▸ **PROBLEM REQUIREMENTS**
Without the pictures, set down every line of the data exactly.
DATA SHOWN section start
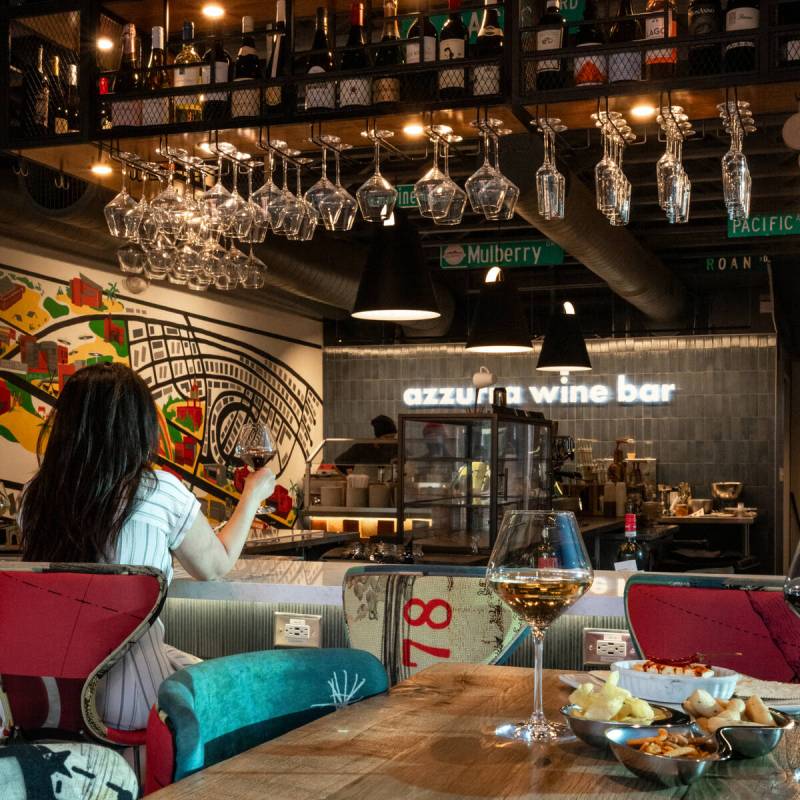 Azzurra Wine Bar is set to open on June 7, 2024, in Henderson, in the Las Vegas Valley. Its sib ...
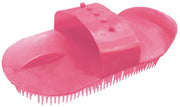 Gymkhana Grooming Pink Curry Comb Sarvis
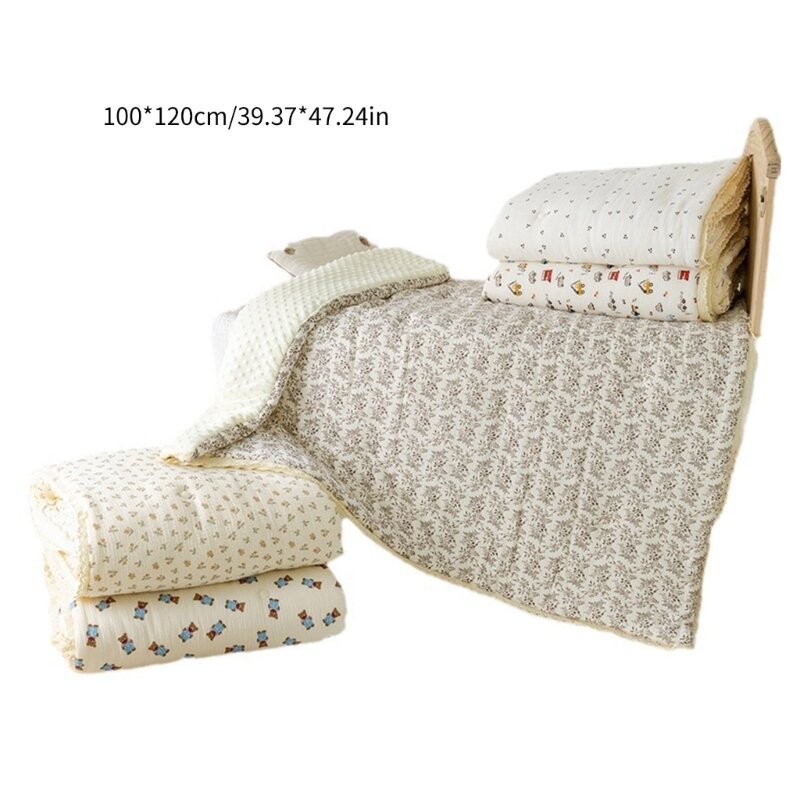 قماط بطانية أطفال ملفوفة لحاف نوم دافئ للرضع الأولاد والبنات في الخريف والشتاء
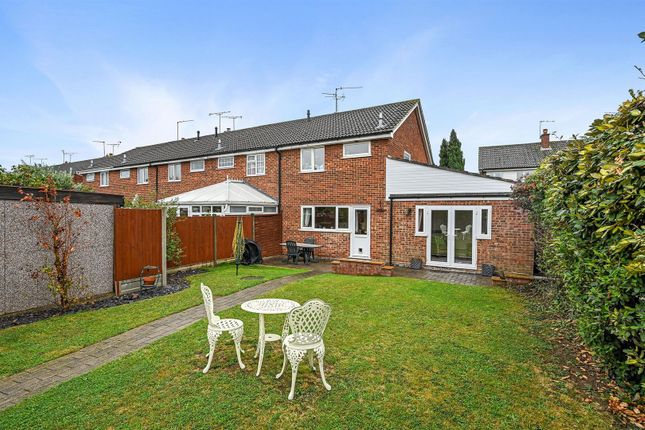 End terrace house for sale in Moss Path, Galleywood, Chelmsford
DATA SHOWN section end
▸ **RESPONSE TO THIS TASK**
 Azzurra Wine Bar is set to open on June 7, 2024, in Henderson, in the Las Vegas Valley. Its sib ...
 Gymkhana Grooming Pink Curry Comb Sarvis
 قماط بطانية أطفال ملفوفة لحاف نوم دافئ للرضع الأولاد والبنات في الخريف والشتاء
 End terrace house for sale in Moss Path, Galleywood, Chelmsford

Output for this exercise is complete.